Task & Evaluation


Task Description 📝

The core task of the RARE26 challenge is binary classification: determining whether an endoscopic image of a Barrett’s Esophagus (BE) patient contains early neoplasia or not. The goal is to build AI algorithms that can identify subtle but critical signs of early-stage cancer while maintaining a low false positive rate — a key requirement in real-world clinical use.


Metric 🎯

The central performance metric is the Positive Predictive Value at 90% Recall (PPV@90Recall).

Why not accuracy or AUC?

Early neoplasia in Barrett's Esophagus patients is rare — roughly 1 in 100 surveillance cases. This low prevalence causes two widely-used metrics to silently fail:

Accuracy is dominated by the majority class. A model that flags nothing already achieves ~99% accuracy, because 99% of images are non-dysplastic. Any model that catches some true cases while incurring some false positives will score similarly to this useless baseline. The metric cannot distinguish the two.
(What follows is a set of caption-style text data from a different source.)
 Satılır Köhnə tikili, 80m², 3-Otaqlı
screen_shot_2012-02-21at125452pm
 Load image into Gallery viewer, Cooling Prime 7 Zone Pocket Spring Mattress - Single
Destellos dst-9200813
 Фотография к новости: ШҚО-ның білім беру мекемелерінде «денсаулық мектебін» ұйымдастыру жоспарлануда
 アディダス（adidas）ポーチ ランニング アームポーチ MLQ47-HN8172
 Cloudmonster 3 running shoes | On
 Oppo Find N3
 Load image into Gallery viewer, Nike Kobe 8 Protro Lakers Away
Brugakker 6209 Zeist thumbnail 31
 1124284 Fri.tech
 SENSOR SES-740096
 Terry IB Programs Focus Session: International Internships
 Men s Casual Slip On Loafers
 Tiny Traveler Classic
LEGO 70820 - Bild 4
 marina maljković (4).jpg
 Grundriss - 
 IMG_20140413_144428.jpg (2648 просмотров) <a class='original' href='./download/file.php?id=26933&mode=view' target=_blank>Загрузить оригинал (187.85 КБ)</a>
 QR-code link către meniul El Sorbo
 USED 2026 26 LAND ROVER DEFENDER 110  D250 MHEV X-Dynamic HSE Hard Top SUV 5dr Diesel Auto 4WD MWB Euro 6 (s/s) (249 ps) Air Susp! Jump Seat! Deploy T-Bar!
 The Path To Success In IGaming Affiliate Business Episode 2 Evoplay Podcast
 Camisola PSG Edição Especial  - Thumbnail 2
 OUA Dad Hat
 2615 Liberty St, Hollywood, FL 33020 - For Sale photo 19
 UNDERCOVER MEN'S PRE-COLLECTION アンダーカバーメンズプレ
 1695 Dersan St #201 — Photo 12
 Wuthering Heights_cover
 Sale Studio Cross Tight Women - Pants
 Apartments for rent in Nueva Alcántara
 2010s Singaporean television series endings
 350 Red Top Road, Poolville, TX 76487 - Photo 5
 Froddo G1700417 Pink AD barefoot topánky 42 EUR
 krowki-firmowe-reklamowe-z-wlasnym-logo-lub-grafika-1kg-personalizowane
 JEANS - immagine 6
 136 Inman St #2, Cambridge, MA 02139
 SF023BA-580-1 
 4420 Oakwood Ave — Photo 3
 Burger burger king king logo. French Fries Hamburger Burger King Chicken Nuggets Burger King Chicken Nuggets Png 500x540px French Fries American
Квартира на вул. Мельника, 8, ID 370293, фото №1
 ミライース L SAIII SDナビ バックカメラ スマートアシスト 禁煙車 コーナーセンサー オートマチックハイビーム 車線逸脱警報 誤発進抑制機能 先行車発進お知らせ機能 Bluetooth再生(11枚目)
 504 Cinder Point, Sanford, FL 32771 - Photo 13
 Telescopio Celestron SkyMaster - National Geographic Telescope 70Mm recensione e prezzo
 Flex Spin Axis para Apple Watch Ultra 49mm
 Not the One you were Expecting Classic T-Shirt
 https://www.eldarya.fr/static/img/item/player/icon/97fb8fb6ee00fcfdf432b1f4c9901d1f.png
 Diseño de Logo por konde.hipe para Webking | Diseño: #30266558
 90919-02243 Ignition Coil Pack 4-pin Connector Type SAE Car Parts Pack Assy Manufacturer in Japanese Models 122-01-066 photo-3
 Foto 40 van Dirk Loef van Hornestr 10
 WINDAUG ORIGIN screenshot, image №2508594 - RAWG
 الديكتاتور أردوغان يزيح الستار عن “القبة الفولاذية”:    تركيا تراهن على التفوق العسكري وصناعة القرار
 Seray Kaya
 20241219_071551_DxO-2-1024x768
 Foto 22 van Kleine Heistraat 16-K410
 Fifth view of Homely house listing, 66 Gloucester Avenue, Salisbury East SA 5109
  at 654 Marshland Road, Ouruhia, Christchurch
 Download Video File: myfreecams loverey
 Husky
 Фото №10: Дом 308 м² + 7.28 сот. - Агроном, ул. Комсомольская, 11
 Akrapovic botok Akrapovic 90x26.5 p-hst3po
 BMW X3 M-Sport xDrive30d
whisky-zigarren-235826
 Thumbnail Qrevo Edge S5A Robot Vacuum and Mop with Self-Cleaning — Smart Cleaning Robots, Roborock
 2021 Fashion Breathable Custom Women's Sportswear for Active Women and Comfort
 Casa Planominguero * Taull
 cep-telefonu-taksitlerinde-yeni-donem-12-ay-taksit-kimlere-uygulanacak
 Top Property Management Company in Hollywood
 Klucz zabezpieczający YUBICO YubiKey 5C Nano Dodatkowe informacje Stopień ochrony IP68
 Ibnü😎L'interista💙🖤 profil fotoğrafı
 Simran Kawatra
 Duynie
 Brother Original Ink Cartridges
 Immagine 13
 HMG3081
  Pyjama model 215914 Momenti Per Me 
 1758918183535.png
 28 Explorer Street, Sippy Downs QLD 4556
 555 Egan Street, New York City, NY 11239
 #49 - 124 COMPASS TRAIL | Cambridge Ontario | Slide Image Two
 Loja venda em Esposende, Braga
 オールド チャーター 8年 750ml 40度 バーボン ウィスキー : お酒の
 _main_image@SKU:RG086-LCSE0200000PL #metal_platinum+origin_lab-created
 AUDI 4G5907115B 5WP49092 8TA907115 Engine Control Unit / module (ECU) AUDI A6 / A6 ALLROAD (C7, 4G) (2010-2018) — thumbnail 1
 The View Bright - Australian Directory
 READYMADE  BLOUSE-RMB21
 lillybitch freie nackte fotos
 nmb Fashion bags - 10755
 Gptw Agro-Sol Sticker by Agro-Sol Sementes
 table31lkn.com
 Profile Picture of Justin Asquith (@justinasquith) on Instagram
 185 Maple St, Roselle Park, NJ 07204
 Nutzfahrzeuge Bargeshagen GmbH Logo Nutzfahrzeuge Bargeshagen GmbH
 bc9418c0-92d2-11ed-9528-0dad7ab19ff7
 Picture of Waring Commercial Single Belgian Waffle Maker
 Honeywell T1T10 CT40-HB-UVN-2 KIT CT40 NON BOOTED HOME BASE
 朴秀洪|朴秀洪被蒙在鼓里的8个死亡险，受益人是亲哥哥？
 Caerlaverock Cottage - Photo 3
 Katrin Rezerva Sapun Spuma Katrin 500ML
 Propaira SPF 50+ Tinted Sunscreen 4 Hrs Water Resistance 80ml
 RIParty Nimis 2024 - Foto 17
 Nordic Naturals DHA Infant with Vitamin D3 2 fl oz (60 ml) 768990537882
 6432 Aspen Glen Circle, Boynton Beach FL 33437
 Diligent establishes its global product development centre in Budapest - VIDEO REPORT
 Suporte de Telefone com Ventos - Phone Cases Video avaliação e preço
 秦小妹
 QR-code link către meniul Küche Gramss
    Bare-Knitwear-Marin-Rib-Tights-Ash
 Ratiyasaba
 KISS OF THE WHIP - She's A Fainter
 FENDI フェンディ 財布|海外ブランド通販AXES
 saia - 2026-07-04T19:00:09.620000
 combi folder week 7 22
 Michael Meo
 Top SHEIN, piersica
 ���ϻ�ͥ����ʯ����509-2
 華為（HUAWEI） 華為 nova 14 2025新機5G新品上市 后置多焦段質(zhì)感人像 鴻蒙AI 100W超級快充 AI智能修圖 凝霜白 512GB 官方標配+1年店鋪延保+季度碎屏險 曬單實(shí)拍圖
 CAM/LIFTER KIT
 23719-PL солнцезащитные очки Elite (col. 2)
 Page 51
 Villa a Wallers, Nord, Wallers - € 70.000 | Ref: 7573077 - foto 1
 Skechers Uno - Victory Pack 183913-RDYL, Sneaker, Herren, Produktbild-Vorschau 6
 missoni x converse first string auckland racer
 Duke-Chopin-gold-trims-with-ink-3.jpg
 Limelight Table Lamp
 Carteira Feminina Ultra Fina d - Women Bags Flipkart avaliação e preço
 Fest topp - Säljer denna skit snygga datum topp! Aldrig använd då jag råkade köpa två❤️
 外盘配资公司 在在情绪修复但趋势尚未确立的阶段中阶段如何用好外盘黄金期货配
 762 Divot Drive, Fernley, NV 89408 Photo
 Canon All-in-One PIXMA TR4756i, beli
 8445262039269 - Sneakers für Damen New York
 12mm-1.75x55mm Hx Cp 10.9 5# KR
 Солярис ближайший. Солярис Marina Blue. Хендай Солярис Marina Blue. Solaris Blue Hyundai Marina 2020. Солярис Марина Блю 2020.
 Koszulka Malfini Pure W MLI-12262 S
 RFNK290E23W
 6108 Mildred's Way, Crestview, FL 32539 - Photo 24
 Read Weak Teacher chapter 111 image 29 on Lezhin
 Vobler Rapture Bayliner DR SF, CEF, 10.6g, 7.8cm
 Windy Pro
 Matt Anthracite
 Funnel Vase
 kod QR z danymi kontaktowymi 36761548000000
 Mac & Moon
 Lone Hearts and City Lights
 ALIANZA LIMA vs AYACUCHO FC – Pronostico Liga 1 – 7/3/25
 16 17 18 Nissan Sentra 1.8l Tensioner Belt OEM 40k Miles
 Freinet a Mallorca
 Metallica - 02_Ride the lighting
AUROC averages discrimination performance across every possible threshold — most of which are clinically irrelevant. A model can achieve an AUC of 0.90 while producing dozens of false alarms for every true case at the threshold required for clinical use. AUC never tells you what happens at that specific operating point.

What PPV@90Recall measures

PPV@90Recall fixes recall (sensitivity) at 90% — a level high enough that the vast majority of true neoplasia cases are caught — and then measures Positive Predictive Value (PPV), i.e. the fraction of positive predictions that are actually correct.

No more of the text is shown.